Immunoprecipitation and Western Blot

For co-immunoprecipitation of endogenous Brk and SOCS3, T47D cells were lysed (400 mm NaCl, 50 mm Tris-pH 7.5, 5 mm EDTA, 0.5% Nonidet P-40, 10% glycerol), and 4 mg proteins were reacted overnight at 4 °C with either 2 μg of control rabbit IgG (Santa Cruz Biotechnology SC-2027) or rabbit anti-Brk antibody (Santa Cruz Biotechnology SC-1188). Immunocomplexes were collected on protein G agarose (Invitrogen), separated by SDS-PAGE and analyzed by Western blot with murine anti-SOCS3 antibody (Santa Cruz Biotechnology SC-51669) and murine anti-Brk (Santa Cruz Biotechnology SC-66003). Cells transfected with indicated plasmids were lysed (50 mm Tris·Cl pH8.0, 280 mm NaCl, 5 mm EDTA, and 0.5% Nonidet P-40) and 500 μg proteins were incubated with 1 μg of rabbit anti-SOCS3 antibody or control rabbit IgG (H103, Santa Cruz Biotechnology) at 4 °C for 3 h. Immunocomplexes were collected with protein G beads and analyzed by Western blot. Images were captured with enhanced chemiluminescence system and x-ray film, and presented with Adobe Photoshop. Primary antibodies used for Western blot included anti-phosphotyrosine STAT3 (B7, Santa Cruz Biotechnology), anti-STAT3 (H190, Santa Cruz Biotechnology), anti-Brk (C18, Santa Cruz Biotechnology), anti-c-Myc (9E10, Santa Cruz Biotechnology) anti-GFP (Roche), anti-V5 (Invitrogen), anti-Flag (M2, Sigma) and anti-α-tubulin (Sigma).

His-ubiquitination Assay

Cells were co-transfected with His-Ub, TO/Brk-myc, and pcDNA6/TR (Invitrogen) with or without Flag-SOCS3 or SOCS3 dlbox (1–185 a.a.) for 24 h and then treated with doxycycline with or without MG132 for 24 h.
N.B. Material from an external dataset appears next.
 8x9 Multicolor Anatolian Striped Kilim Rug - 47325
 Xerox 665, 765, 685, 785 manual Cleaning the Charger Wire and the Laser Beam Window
Cells were harvested and total histidine-tagged proteins were purified on nickel charged resins (Ni-NTA-agarose beads, Qiagen) (34). Myc-tagged Brk proteins were detected by Western blot with anti-c-Myc antibody. Images were captured with enhanced chemiluminescence system and x-ray film, and presented with Adobe Photoshop.

RESULTS

Association of Endogenous Brk and SOCS3

Previously we demonstrated the ability of ectopic expression of SOCS3 to inhibit Brk phosphorylation of STAT3 on tyrosine 705 (15). This result suggested SOCS3 could bind Brk and inhibit its tyrosine kinase activity. To evaluate protein interactions of endogenous proteins, we tested Brk and SOCS3 association by co-immunoprecipitation from T47D cells, a breast tumor cell line that expresses Brk. Brk was immunoprecipitated from cell lysates, and immunocomplexes were analyzed by Western blot with antibody to SOCS3 (Fig. 1A). Immunocomplexes with antibody to Brk clearly detected associated SOCS3 protein. This result indicates an association of endogenous SOCS3 with Brk in vivo.

FIGURE 1.

FIGURE 1.

A, co-immunoprecipiation of endogenous SOCS3 and Brk. T47D breast cancer cell lysates were immunoprecipitated (IP) with control rabbit immunoglobulin (cIg) or rabbit anti-Brk. Western blots (WB) were performed with murine antibody to SOCS3 or Brk. Molecular mass markers are shown adjacent to 20% input. B, induction of endogenous SOCS3 mRNA with Brk expression. Hep3B cells were transfected with tetracycline-inducible Brk and tetracycline repressor for 24 h and treated with doxycycline for 4, 6, 8, 12, and 24 h. Total RNA was prepared and endogenous SOCS3 mRNA was detected by RT-PCR using specific primers. GAPDH mRNA was amplified as internal control. Brk expression was assayed from cell lysates by SDS-PAGE and Western blot (WB) with specific c-Myc (Brk tag) antibodies (bottom panel).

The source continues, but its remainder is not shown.